New employee orientation is the process used for welcominga new employee into your organization. New employee orientation generally contains information about safety, the
work environment, the new job description, benefits and eligibility, company culture, company history, and the organization chart. It typically occurs on the employee’s first day.
New Employee “On-Boarding”
The term “On-boarding” refers to the process of integrating new employees into the organization, preparing them to succeed at their jobs, and to become fully engaged, productive members of the organization. It includes the initial orientation process and the ensuing 3, 6, 9, or even 12 months.

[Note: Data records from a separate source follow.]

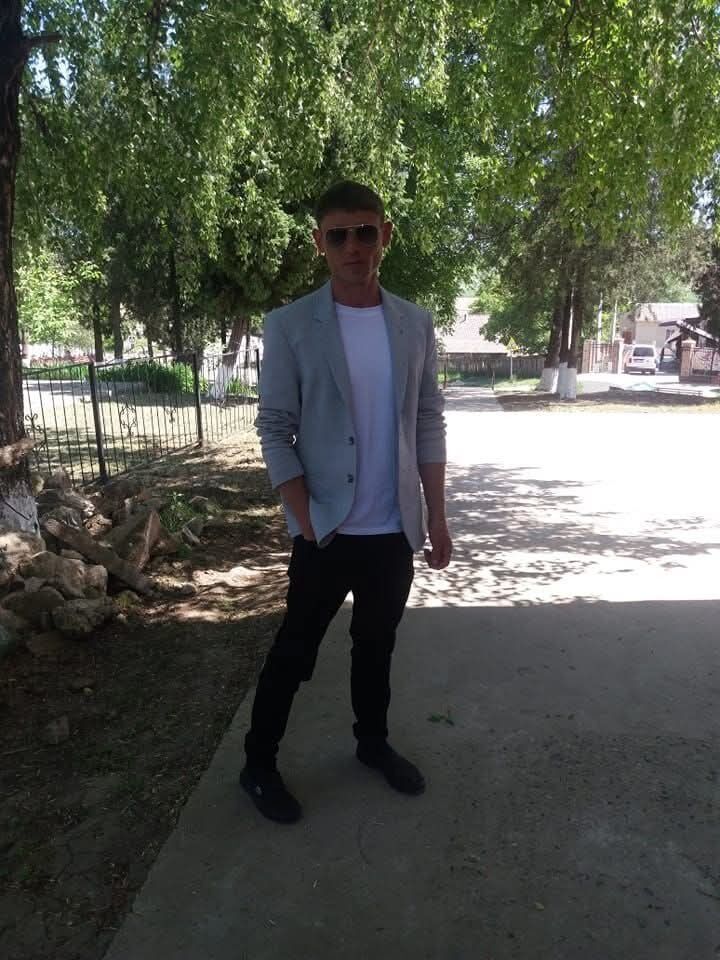  49796272  Dumitru, 33 ,    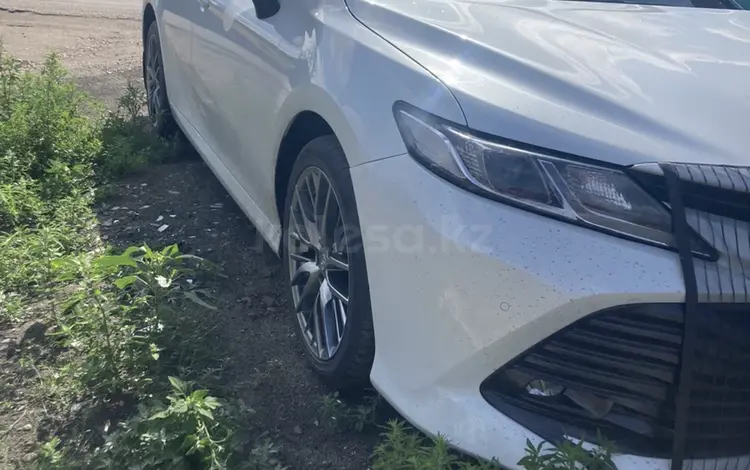 Toyota Camry 2020 года за 12 000 000 тг. в Семей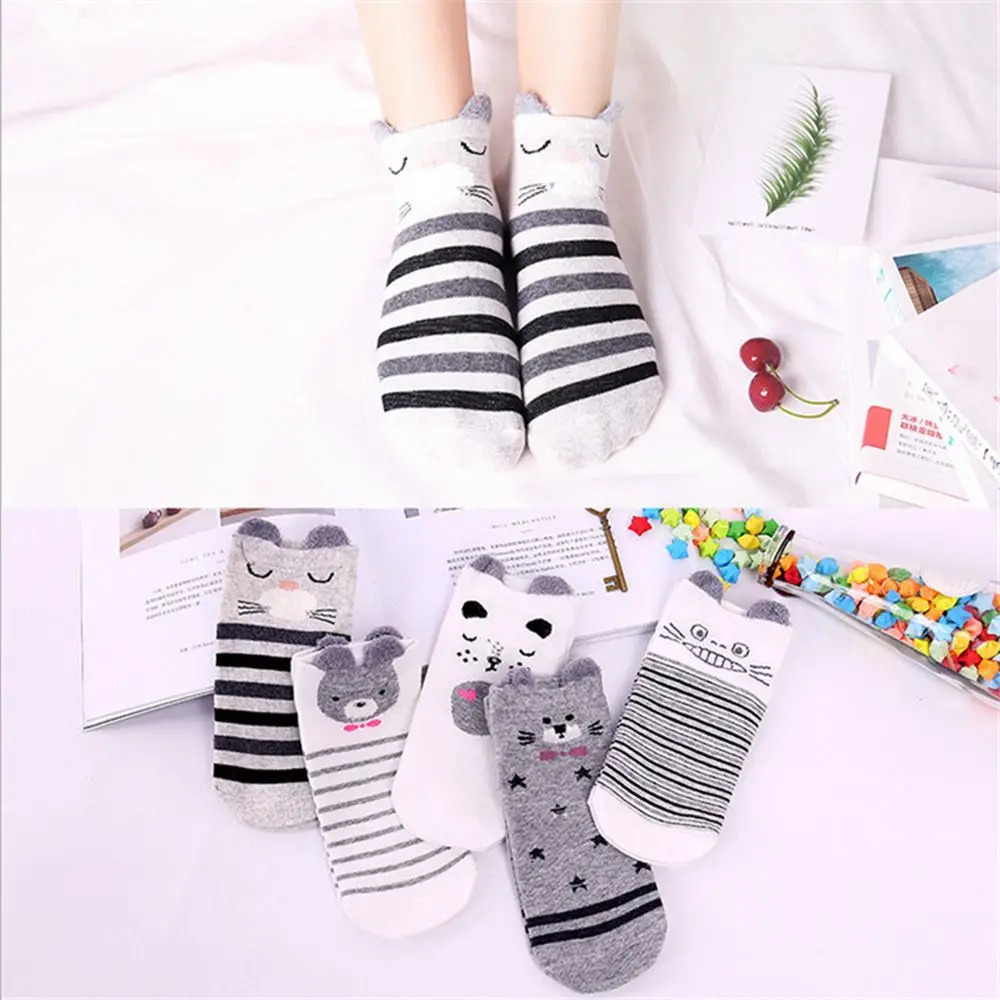 5 pairs/pack Cartoon Short Socks Woman Cotton 3D Ear Soft Animal Pattern Cute Girls Socks Set Autumn Spring Funny Socks Female
5 pairs/pack Cartoon Short Socks Woman Cotton 3D Ear Soft Animal Pattern Cute Girls Socks Set Autumn Spring Funny Socks Female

All too often, orientation programs revolve around filling out forms, speakers droning on about various policies, and watching the obligatory sexual harassment video. On-boarding programs, by contrast, are designed to create an inspiring experience that reassures new hires they made the right choice and lays the foundation for high performance, morale and engagement.
More About On-Boarding
On-boarding begins with the offer letter, includes the days between the offer letter and first day of work, and are likely to have day 1, month 1, quarter 1, and year 1 goals. Done well, the on-boarding process not only prepares employees well, but leaves them feeling inspired.

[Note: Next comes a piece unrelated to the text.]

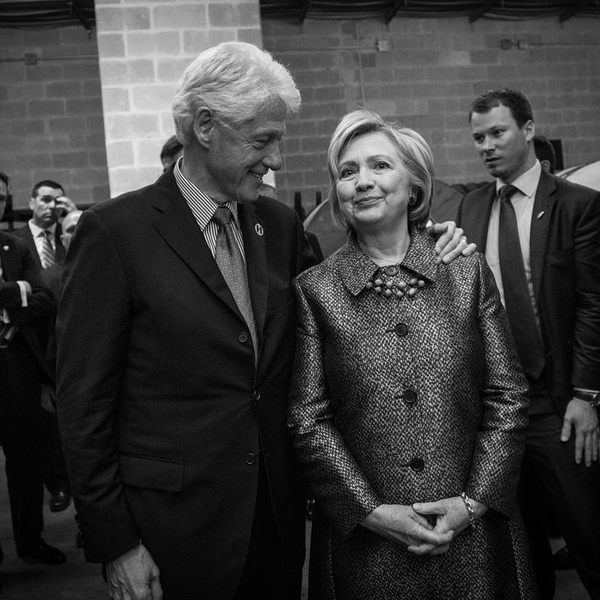 Западные СМИ распространили новость о скором разводе Хиллари Клинтон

Effective on-boarding means keeping in touch with your new hires as they integrate into your organization. It means actively seeking them out to find out how they’re doing and – this point is critical – making it easy for them to tell you what’s on their mind. The more safe and easy you make it for new employees to speak the truth, the more likely you are to prevent employees from waiting until their exit interview to tell you what went wrong.
Quote: Dave Olsen, Starbuck’s chief coffee buyer, when asked by Scott Bedbury, author of A New Brand World: Eight Principles for Achieving Brand Leadership in the 21st Century, what the critical “difference that makes a difference” at Starbucks is, replied that it wasn’t about the coffee beans. It wasn’t about the ambience they so carefully create. It wasn’t about the employees they hire. “When it comes to on-boarding,” says Olsen, “Everything Matters – every choice, every action, every communication has potential consequences.”
When making strategic and operational decisions related to on-boarding “thinking experience”:
1. “What Emotional Take-Away do I want to create?”
2. “What Perceptual Take-Away do I want to create?”